▸ STUDY MATERIAL:
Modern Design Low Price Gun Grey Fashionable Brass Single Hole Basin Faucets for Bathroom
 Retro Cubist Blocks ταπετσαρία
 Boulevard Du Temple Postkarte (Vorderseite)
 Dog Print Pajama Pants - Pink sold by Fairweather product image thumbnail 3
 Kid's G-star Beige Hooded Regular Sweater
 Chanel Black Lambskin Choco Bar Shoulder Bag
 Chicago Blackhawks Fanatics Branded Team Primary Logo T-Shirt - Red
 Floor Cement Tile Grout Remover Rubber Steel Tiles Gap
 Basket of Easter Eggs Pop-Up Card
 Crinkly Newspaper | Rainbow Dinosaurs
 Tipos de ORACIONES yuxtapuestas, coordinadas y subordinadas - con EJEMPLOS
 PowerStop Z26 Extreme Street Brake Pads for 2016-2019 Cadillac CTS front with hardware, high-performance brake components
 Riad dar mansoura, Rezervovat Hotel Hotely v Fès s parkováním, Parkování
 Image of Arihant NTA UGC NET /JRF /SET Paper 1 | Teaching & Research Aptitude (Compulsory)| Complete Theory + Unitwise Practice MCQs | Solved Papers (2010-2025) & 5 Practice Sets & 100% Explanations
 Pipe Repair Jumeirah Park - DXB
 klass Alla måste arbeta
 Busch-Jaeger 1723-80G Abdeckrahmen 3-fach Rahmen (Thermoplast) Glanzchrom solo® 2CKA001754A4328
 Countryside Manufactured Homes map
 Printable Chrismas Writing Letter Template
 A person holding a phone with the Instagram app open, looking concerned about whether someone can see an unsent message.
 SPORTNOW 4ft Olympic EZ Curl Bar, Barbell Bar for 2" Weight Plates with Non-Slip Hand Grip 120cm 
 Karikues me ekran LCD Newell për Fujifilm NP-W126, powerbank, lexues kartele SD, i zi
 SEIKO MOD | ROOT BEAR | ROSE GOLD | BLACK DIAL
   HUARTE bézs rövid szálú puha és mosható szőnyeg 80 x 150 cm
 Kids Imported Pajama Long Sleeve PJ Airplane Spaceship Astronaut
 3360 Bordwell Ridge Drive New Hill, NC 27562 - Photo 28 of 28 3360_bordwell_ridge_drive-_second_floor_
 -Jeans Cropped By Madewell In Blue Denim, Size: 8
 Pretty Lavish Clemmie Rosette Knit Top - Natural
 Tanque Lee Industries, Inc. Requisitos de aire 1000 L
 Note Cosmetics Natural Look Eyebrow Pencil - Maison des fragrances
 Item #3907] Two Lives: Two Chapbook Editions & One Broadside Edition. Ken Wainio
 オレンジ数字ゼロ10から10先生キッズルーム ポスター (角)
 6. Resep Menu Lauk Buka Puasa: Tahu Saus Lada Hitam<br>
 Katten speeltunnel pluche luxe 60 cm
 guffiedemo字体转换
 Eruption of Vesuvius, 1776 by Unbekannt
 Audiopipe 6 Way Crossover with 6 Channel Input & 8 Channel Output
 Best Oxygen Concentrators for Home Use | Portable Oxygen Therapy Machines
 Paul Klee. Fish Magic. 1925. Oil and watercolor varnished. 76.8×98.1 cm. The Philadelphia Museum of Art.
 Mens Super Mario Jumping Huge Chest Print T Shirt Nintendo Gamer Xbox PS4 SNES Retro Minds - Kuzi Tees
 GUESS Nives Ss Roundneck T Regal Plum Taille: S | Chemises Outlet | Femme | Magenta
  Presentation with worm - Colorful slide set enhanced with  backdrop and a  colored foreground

▸ INSTRUCTIONS TO FOLLOW: In the listing above, find the line with "Image of Arihant" and the line with "3360 Bordwell Ridge", then reproduce both and every line between them exactly.

▸ OUTPUT OF THE EXERCISE:
 Image of Arihant NTA UGC NET /JRF /SET Paper 1 | Teaching & Research Aptitude (Compulsory)| Complete Theory + Unitwise Practice MCQs | Solved Papers (2010-2025) & 5 Practice Sets & 100% Explanations
 Pipe Repair Jumeirah Park - DXB
 klass Alla måste arbeta
 Busch-Jaeger 1723-80G Abdeckrahmen 3-fach Rahmen (Thermoplast) Glanzchrom solo® 2CKA001754A4328
 Countryside Manufactured Homes map
 Printable Chrismas Writing Letter Template
 A person holding a phone with the Instagram app open, looking concerned about whether someone can see an unsent message.
 SPORTNOW 4ft Olympic EZ Curl Bar, Barbell Bar for 2" Weight Plates with Non-Slip Hand Grip 120cm 
 Karikues me ekran LCD Newell për Fujifilm NP-W126, powerbank, lexues kartele SD, i zi
 SEIKO MOD | ROOT BEAR | ROSE GOLD | BLACK DIAL
   HUARTE bézs rövid szálú puha és mosható szőnyeg 80 x 150 cm
 Kids Imported Pajama Long Sleeve PJ Airplane Spaceship Astronaut
 3360 Bordwell Ridge Drive New Hill, NC 27562 - Photo 28 of 28 3360_bordwell_ridge_drive-_second_floor_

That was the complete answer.